**THE TASK**. All lines from the one containing "The 2026 GMC" to the end of the material are to be given again exactly; leave out every line before it.

**EXERCISE INPUT**.
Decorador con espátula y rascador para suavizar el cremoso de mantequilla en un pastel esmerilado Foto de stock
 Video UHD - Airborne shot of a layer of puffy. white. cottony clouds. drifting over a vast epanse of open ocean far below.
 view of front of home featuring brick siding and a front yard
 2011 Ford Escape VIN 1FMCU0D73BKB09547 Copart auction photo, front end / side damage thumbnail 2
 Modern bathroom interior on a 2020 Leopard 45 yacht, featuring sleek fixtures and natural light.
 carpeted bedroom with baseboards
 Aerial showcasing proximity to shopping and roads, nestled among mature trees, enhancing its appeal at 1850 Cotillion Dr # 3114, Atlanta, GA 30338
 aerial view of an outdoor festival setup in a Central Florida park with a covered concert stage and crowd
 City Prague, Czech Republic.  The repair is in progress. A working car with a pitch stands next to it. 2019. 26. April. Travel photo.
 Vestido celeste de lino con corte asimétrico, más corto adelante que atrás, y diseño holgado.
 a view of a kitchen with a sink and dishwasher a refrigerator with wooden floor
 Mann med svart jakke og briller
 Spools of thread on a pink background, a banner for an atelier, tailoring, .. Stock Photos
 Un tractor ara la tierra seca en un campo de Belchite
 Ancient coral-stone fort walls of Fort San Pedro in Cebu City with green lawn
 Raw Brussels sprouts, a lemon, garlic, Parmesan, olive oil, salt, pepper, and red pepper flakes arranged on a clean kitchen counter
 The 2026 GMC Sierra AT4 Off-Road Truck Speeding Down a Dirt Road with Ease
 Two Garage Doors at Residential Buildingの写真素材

**ANSWER BOX**.
 The 2026 GMC Sierra AT4 Off-Road Truck Speeding Down a Dirt Road with Ease
 Two Garage Doors at Residential Buildingの写真素材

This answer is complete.